Removing Shared Vector Elements

Hello, beginner here. I'm writing a program that has two string vectors, and I need to remove any string that's in both lists from both lists, leaving just the unique values. The lists are sorted beforehand.

After doing some research, I came up with the following function, which seems to be working:

fn main() {
	let mut v1 = vec!["A1.2", "A2.2", "B2.1", "CR1.3", "D1.2", "U10.76"];
	let mut v2 = vec!["A1.2", "A2.4", "B2.1", "CR1.A", "D1.K", "U10.76"];
	// remove:         ****            ****                     ******
	
	remove_matches(&mut v1, &mut v2);
	
	assert_eq!(v1, vec!["A2.2", "CR1.3", "D1.2"]);
	assert_eq!(v2, vec!["A2.4", "CR1.A", "D1.K"]);
}

fn remove_matches(v1: &mut Vec<&str>, v2: &mut Vec<&str>) {
	let mut len2 = v2.len();
	let mut i = 0;
	
	while i < v1.len() {
		let word = v1[i].clone();
		
		v2.retain(|s| s != &word);
		
		if v2.len() < len2 {
			v1.retain(|s| s != &word);
			len2 = v2.len();
		} else {
			i += 1;
		}
	}
}

Since I'm still getting used to chaining/closures, as well as the std methods available, I was wondering if there was a better way to implement this functionality.

Any thoughts?

To me this looks like an overdose of chaining/closures:

  • Each string in v1 gets cloned. Pointless overhead.
  • Detecting a match by looking whether an array length changed looks error prone for more complex cases.

A classical approach doesn't have these issues:

fn remove_matches(v1: &mut Vec<&str>, v2: &mut Vec<&str>) {
  let mut i = 0;

  while i < v1.len() {
    let mut j = 0;

    while j < v2.len() {
      if v1[i] == v2[j] {
        v1.remove(i);
        v2.remove(j);
        break;
      }
      j += 1;
    }
    i += 1;
  }
}
1 Like

Ah okay. I actually tried something similar, I just wasn't sure if it was "Rusty" enough. Looks like I was overthinking it.

Thank you very much!

1 Like

This isn't quite right— it doesn't seem to handle duplicate items correctly. In particular, remove_matches(&mut vec!["";1024], &mut vec!["";1024]) leaves half of the items in both vectors instead of removing them all.

It also does O(n²) comparisons, which isn't great for large vectors.

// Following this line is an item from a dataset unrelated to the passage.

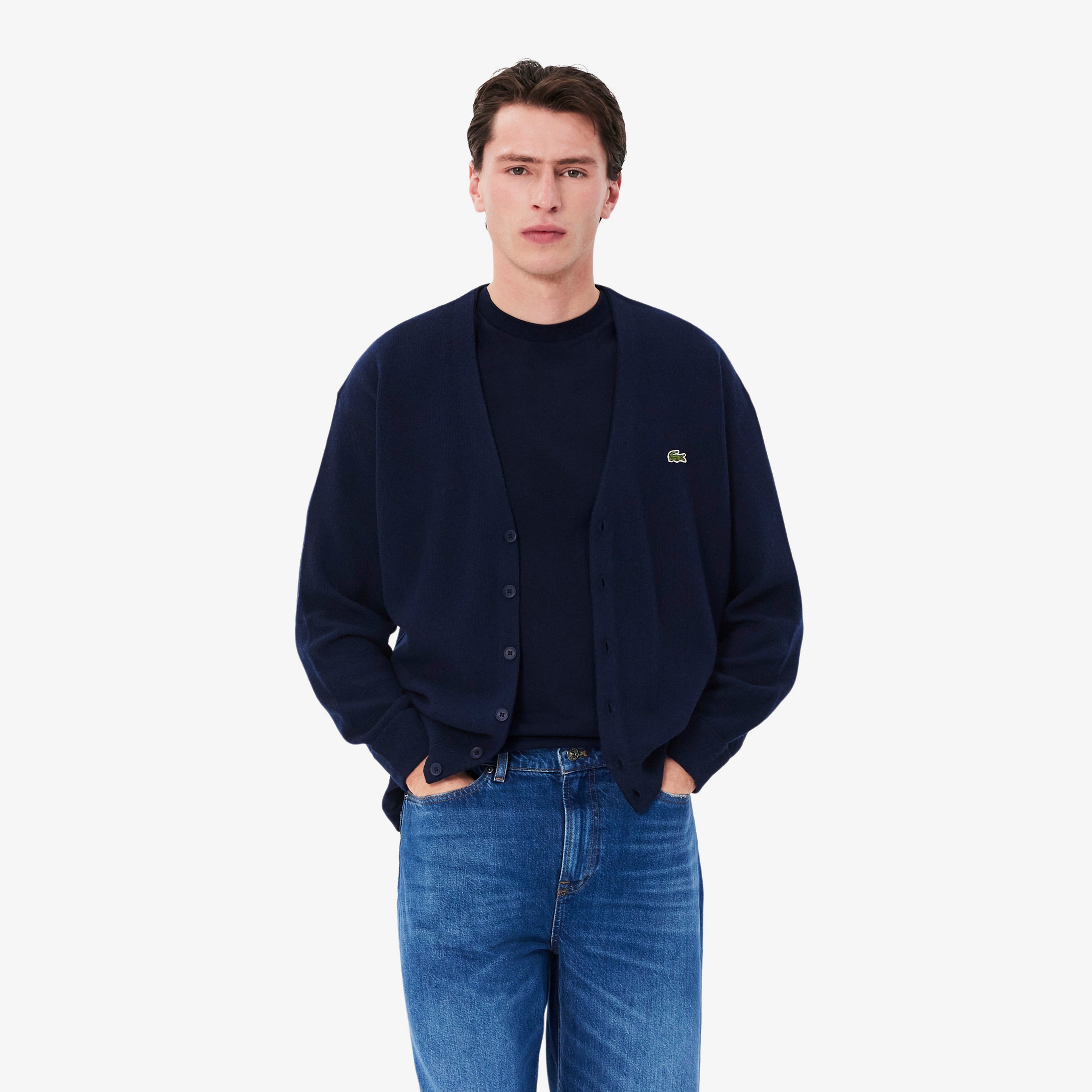 Erkek Relaxed Fit V Yaka Lacivert Hırka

I'd probably start with something like this to take advantage of the lists being presorted. There's still room for optimization here, but it's easy to understand and the asymptotic performance is at reasonable:

fn remove_matches(v1: &mut Vec<&str>, v2: &mut Vec<&str>) {
    let mut v1_iter = std::mem::take(v1).into_iter().peekable();
    let mut v2_iter = std::mem::take(v2).into_iter().peekable();
    
    loop {
        match (v1_iter.peek(), v2_iter.peek()) {
            (None,    None   ) => return,
            (Some(_), None   ) => v1.extend(&mut v1_iter),
            (None,    Some(_)) => v2.extend(&mut v2_iter),
            (Some(a), Some(b)) => {
                use std::cmp::Ordering::*;
                match a.cmp(b) {
                    Less    => v1.push(v1_iter.next().unwrap()),
                    Greater => v2.push(v2_iter.next().unwrap()),
                    Equal   => {
                        let _ = v1_iter.next();
                        let _ = v2_iter.next();
                    }
                }
            }
        }
    }
}
2 Likes

It depends on whether you allow duplicate items and expect lists to be sorted. Which you do, but the test case, original code and my code doesn't.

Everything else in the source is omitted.